Wind is a 1992 film directed by Carroll Ballard and starring Matthew Modine, Jennifer Grey and Cliff Robertson.

Plot 

The film is centered on the America's Cup series of yachting races and uses them as a backdrop for both an action/adventure and a romantic storyline.

Cup events depicted in the film

A host of events that occurred in the 1987 America's Cup held off Fremantle Australia were translated into film and presented as events occurring to the characters in the movie, including the following:
 Will Parker striking the buoy while rounding the final mark was taken from Chris Dickson's final race against Stars & Stripes 87 in the Louis Vuitton Cup Finals. Kiwi Magic was just six seconds back of Dennis Conner's boat when Dickson made his only major mistake of the summer, striking the buoy while rounding the final mark. He was obliged to re-round, ending all hope of catching Stars & Stripes 87.
 Jack Neville spearing the "Whomper" was taken from the Defender Semifinals, when Australia IV introduced a new sail they called the 'gennaker', an enormous asymmetrical hybrid that pulled Australia IV even with the leading Kookaburra II. As the Bond team came up, Peter Gilmour luffed hard, spearing Australia IV's gennaker and splitting it in two.
 The broken mast of the Platypus occurred to Challenge France in the middle of the third and final challenger rounds robins. Challenge France was unable to continue in the regatta.
 The boat collision occurred in the Defender series, when Australia IV struck Peter Gilmour's Kookaburra II.
 The protests and media briefings occurred multiple times throughout the regatta, and at times were quite contentious.
Stellan Skarsgård's character is based on Burt Rutan, who constructed a wing sail for Dennis Conner's 1988 catamaran “Stars & Stripes”.

Cast 
Matthew Modine as Will Parker
Jennifer Grey as Kate Bass
Cliff Robertson as Morgan Weld
Jack Thompson as Jack Neville
Stellan Skarsgård as Joe Heiser
Rebecca Miller as Abigail Weld
Ned Vaughn as Charley Moore

Production 
The film was inspired by the New York Yacht Club's loss of the 1983 America's Cup through the events of the 1987 America's Cup. Several of the 12-metre class yachts that participated in Cup races were used in the movie.

"Wind" contains some of the best, most realistic, on deck big-boat sailing sequences ever portrayed. America's Cup skipper Peter Gilmour, whose aggressive sailing during the 1987 defender selection series earned himself a place on the defender boat for the America's Cup, was "Sailing Master" for the film. He was on board for all of the sailing sequences, controlled the boat while they were flying the "Whomper", and can be seen in many of the boat scenes, surreptitiously laying a hand on the opposite wheel.  Lisa Blackaller, daughter of America's Cup skipper Tom Blackaller, acted as sailing double for Jennifer Grey for the small boat races in the International 14 class at Newport.
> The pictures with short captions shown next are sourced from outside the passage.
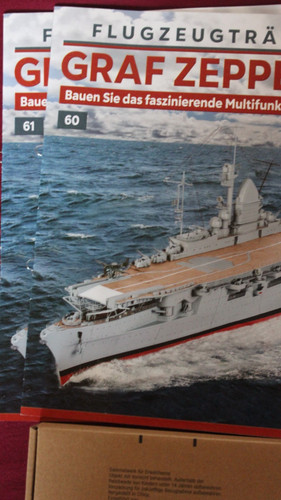 Hachette graf zeppelin - hachette,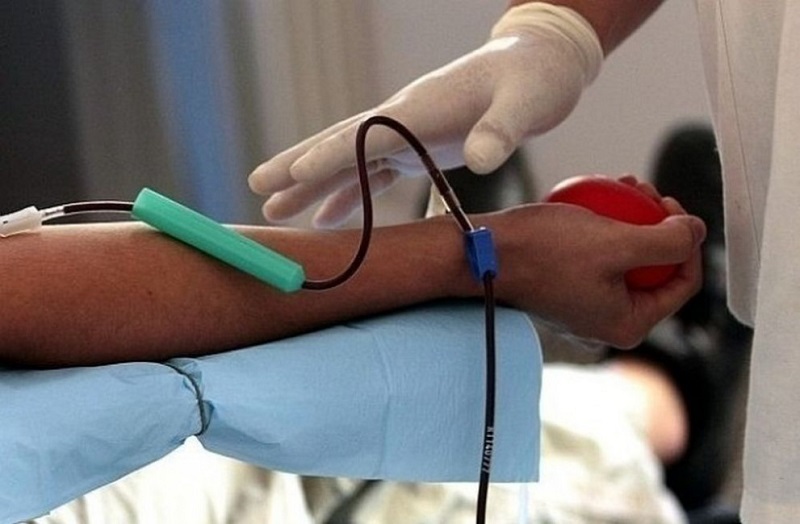 Кръводарителска акция в Айтос и Несебър 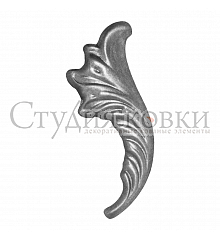 Кованый элемент: SK25.11.1R Лист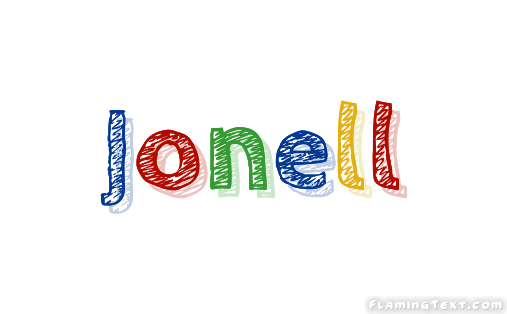 Jonell 徽标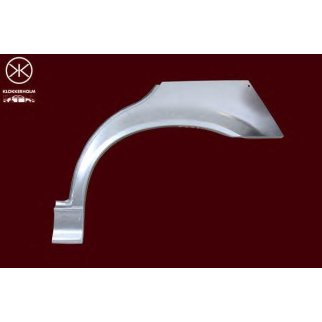 Арка заднего крыла левая KLOKKERHOLM 0060581 фото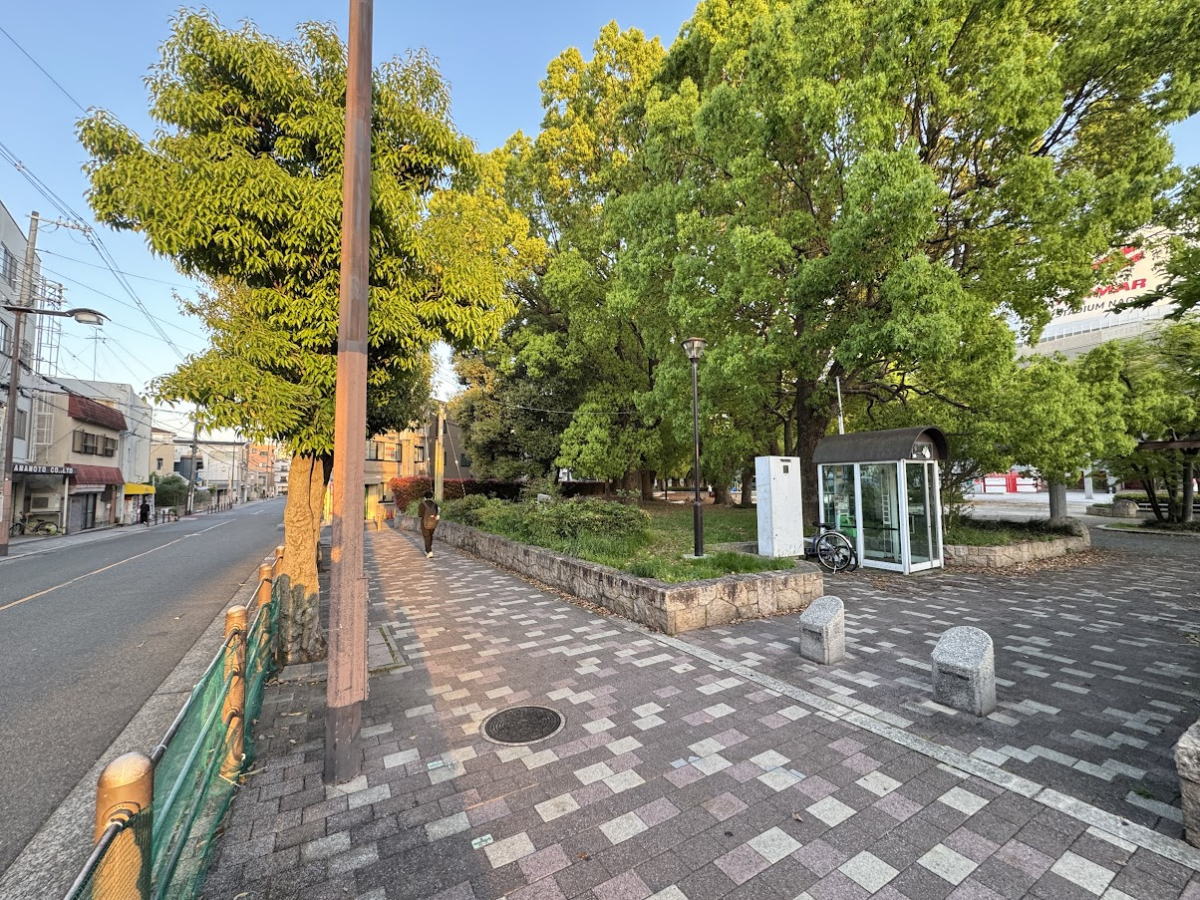 「東長居町」ってどこか知ってる？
American Eagle (US 21), the red  12 Meter ocean endurance champion sailed to fame by Ted Turner in the mid-seventies, was used as the trial horse sailed by Will Parker in preparation for the America's Cup. The boat had been a finalist in the 1964 Defender selection series but lost the selection to Constellation.  The 12-meter yachts depicting the America's Cup races were the more modern boats from the America II Syndicate, America II (US 42) and America II (US 46). The boat repainted as Boomerang and later as Platypus was depicted by US 42, and Radiance and then later Geronimo were depicted by US 46. US 46 had been sailed by John Kolius in the 1987 Louis Vuitton Challenger Selection Cup races.

Many of the film's port scenes were filmed on location in and around Newport, Rhode Island, with the sailing scenes of the International 14's competition and the America's Cup races filmed off Perth in Western Australia. Parts of the film were also shot in Green River, Wendover, and the Bonneville Salt Flats in Utah. Shooting took twelve weeks, beginning on 25 February 1991.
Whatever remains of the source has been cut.